● What to do
Below are the records; copy exactly the stretch from the line containing "Used 2018 Ferrari 488 Spider image 19" through the line containing "ボッテガ・ヴェネタ「Bottega Veneta」Intrecciato ミニバッグ", both ends included, and nothing else.

Record set below:

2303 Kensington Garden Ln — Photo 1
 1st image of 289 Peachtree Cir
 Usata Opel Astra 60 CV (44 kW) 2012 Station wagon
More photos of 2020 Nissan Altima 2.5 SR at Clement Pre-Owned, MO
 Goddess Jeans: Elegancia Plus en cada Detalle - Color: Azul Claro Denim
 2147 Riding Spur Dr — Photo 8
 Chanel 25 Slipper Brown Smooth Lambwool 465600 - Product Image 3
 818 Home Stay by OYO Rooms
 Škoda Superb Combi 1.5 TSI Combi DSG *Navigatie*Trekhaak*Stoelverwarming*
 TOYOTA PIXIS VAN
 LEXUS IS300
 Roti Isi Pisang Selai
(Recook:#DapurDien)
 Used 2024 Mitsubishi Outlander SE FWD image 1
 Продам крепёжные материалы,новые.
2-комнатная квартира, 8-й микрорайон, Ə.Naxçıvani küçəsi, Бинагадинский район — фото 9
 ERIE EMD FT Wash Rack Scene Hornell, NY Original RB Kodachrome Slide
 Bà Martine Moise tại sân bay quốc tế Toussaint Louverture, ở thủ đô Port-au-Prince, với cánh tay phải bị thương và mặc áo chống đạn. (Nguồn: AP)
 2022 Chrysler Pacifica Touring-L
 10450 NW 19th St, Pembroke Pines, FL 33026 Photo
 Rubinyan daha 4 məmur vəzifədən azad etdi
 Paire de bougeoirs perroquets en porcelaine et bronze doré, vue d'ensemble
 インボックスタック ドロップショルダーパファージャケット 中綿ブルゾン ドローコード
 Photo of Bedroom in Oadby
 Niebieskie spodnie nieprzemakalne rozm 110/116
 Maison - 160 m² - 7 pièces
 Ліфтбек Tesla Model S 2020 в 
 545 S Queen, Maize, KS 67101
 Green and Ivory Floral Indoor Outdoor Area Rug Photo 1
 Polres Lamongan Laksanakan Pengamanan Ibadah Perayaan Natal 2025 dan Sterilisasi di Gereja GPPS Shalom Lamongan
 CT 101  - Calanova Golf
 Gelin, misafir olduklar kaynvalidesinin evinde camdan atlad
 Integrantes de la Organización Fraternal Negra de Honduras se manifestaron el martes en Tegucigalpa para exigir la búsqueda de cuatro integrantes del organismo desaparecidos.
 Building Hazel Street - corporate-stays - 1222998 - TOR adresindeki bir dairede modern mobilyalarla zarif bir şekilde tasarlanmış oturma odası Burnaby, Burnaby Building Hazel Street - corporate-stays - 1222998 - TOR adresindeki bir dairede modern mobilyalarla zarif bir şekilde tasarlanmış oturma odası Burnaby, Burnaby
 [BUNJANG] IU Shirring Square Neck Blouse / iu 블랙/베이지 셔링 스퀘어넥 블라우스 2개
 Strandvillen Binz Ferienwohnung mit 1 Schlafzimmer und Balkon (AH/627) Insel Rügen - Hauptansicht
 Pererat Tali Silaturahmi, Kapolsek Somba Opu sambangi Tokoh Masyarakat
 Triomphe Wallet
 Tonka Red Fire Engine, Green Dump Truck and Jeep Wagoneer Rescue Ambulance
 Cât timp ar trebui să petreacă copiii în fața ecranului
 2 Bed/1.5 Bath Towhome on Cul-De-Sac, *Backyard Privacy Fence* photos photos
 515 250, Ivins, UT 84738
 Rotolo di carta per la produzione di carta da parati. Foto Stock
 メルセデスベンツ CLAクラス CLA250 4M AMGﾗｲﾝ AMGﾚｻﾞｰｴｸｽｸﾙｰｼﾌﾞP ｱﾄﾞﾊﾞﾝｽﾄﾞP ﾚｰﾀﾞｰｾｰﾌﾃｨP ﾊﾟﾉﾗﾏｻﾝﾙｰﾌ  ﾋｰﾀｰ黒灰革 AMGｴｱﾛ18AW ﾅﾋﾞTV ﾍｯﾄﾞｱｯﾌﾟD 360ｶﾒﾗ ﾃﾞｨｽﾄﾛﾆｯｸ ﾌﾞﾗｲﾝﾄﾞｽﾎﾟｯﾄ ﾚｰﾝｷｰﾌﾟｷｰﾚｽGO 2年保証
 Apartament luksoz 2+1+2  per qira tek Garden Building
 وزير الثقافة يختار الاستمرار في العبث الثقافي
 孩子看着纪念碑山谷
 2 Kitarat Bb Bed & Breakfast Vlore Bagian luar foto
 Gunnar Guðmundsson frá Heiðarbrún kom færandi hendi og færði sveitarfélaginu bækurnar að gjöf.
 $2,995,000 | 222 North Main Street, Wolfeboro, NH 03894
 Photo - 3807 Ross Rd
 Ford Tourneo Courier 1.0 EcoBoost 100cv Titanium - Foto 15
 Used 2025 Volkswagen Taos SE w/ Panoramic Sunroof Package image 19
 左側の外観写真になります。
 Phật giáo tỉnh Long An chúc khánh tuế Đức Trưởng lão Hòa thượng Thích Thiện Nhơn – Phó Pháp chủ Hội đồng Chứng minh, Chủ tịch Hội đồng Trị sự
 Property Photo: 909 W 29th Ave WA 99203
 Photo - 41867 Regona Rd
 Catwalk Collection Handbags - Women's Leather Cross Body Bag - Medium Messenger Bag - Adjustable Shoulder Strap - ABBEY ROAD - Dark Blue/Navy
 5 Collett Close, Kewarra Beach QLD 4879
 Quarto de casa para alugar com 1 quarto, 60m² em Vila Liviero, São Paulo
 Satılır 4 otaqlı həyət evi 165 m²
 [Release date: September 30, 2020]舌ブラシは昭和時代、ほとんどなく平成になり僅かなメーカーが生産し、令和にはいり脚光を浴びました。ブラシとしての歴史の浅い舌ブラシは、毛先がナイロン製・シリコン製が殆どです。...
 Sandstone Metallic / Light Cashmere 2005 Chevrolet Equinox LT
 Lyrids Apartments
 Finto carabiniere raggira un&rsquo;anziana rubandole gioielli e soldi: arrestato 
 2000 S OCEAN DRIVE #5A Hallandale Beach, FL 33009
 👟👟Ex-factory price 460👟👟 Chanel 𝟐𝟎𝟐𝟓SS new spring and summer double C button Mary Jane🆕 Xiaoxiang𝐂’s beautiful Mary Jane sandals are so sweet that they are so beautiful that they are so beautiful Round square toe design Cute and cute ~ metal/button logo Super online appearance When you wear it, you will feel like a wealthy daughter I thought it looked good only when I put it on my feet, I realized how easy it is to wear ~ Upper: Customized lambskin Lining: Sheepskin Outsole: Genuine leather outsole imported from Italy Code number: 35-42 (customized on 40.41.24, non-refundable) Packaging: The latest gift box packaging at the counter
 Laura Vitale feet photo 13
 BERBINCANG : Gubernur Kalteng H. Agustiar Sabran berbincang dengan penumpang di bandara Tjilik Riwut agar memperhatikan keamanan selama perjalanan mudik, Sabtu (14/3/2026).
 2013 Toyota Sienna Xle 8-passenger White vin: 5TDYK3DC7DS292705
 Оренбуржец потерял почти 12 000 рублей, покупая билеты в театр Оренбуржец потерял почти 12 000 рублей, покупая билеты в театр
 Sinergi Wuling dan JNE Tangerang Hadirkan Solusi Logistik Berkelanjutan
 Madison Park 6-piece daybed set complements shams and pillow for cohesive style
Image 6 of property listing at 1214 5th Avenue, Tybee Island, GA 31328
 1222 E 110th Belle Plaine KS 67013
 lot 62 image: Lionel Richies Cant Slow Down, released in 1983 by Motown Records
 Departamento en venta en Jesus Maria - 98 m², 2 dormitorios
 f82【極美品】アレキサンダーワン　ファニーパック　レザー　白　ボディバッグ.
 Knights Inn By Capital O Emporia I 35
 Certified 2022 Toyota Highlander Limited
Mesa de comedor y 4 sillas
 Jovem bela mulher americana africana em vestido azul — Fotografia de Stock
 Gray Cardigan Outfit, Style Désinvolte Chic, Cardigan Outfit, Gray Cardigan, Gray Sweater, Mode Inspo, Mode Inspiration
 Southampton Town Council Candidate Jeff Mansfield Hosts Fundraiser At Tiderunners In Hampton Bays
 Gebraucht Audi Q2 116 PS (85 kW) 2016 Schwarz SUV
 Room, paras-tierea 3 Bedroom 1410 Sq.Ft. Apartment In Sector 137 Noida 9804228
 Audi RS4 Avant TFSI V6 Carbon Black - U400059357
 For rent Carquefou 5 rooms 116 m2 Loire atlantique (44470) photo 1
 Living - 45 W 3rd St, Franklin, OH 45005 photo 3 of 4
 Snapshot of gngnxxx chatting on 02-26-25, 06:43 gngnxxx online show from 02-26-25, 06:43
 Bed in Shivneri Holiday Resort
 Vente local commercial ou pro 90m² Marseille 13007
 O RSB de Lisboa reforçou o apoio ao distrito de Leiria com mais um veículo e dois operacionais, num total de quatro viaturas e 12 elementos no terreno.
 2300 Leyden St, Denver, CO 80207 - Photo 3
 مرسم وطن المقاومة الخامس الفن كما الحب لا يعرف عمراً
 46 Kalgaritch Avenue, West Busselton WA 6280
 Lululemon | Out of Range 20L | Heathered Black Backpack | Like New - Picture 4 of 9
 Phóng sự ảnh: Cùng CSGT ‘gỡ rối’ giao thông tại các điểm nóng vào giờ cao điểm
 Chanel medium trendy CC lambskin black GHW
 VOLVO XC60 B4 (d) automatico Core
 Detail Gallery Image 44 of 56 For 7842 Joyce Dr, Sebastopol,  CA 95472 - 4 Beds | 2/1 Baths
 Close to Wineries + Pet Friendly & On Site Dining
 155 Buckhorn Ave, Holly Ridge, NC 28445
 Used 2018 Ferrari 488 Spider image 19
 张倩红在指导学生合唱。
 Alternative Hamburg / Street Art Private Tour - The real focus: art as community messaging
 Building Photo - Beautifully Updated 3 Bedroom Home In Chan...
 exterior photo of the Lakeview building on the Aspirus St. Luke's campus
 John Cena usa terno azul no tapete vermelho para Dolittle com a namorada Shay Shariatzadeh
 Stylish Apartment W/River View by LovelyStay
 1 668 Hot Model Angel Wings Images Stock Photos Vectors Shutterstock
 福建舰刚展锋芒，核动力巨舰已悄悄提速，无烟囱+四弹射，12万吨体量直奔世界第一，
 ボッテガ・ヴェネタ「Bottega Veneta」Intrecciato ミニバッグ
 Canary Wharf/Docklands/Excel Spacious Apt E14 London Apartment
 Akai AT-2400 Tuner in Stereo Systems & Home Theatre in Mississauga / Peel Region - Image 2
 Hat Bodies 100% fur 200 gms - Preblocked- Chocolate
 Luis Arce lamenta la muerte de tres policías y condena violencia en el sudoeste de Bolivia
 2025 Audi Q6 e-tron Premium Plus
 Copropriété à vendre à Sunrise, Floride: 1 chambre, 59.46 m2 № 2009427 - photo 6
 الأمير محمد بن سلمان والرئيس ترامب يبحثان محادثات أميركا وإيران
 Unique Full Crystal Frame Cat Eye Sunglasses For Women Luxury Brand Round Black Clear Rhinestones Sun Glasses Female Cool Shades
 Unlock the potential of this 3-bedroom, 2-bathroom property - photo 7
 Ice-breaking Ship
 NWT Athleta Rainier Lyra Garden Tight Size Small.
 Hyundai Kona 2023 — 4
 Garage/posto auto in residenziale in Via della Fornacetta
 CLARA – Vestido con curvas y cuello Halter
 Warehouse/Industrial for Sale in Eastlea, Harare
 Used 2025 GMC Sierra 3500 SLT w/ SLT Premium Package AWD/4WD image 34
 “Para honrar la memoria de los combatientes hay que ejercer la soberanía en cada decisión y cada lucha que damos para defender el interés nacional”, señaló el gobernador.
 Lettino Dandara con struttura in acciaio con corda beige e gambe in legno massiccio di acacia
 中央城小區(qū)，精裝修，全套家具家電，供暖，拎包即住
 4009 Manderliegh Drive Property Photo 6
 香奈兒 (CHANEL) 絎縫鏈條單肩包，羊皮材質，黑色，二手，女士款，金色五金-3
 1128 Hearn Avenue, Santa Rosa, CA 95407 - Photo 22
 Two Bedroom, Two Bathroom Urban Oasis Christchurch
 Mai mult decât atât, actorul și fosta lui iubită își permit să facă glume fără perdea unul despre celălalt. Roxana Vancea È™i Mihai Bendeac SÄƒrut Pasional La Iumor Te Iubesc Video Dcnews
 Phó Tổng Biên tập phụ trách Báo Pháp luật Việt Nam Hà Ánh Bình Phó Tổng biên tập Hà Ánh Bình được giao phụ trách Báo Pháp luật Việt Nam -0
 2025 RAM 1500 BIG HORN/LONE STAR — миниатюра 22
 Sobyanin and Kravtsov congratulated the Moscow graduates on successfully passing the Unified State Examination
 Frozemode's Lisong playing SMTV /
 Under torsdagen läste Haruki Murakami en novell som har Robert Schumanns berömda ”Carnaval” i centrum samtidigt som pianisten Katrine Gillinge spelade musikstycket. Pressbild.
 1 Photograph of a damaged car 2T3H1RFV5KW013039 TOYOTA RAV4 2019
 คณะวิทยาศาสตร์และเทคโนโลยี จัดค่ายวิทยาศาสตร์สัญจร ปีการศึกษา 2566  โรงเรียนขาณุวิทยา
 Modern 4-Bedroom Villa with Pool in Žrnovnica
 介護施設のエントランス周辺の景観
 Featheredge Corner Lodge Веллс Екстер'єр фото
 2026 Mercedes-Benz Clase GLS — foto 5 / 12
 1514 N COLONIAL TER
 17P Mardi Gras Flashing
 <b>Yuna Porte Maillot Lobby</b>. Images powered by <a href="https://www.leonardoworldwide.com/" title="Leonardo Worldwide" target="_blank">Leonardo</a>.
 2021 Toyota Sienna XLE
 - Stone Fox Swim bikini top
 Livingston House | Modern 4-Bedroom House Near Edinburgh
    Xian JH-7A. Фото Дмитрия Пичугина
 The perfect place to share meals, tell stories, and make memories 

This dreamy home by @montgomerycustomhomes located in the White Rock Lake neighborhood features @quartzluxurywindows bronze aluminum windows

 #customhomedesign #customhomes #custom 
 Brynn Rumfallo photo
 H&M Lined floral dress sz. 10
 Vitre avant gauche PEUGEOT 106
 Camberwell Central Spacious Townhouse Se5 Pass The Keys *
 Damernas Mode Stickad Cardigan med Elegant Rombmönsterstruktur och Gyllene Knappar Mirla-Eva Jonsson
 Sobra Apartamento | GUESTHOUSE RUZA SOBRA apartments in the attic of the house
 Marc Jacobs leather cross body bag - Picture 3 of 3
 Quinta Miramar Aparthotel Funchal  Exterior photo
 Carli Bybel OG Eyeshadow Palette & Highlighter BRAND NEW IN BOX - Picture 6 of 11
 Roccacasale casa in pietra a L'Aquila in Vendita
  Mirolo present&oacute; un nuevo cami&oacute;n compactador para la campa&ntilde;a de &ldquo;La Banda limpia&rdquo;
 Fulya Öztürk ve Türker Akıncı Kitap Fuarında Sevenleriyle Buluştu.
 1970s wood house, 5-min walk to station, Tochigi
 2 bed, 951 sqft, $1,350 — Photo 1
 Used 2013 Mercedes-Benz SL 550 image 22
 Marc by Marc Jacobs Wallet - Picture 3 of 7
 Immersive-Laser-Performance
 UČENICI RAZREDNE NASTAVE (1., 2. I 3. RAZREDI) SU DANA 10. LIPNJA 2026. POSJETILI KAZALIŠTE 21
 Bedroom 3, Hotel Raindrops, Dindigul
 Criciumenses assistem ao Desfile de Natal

End of Record set.

● Response to this exercise
 Used 2018 Ferrari 488 Spider image 19
 张倩红在指导学生合唱。
 Alternative Hamburg / Street Art Private Tour - The real focus: art as community messaging
 Building Photo - Beautifully Updated 3 Bedroom Home In Chan...
 exterior photo of the Lakeview building on the Aspirus St. Luke's campus
 John Cena usa terno azul no tapete vermelho para Dolittle com a namorada Shay Shariatzadeh
 Stylish Apartment W/River View by LovelyStay
 1 668 Hot Model Angel Wings Images Stock Photos Vectors Shutterstock
 福建舰刚展锋芒，核动力巨舰已悄悄提速，无烟囱+四弹射，12万吨体量直奔世界第一，
 ボッテガ・ヴェネタ「Bottega Veneta」Intrecciato ミニバッグ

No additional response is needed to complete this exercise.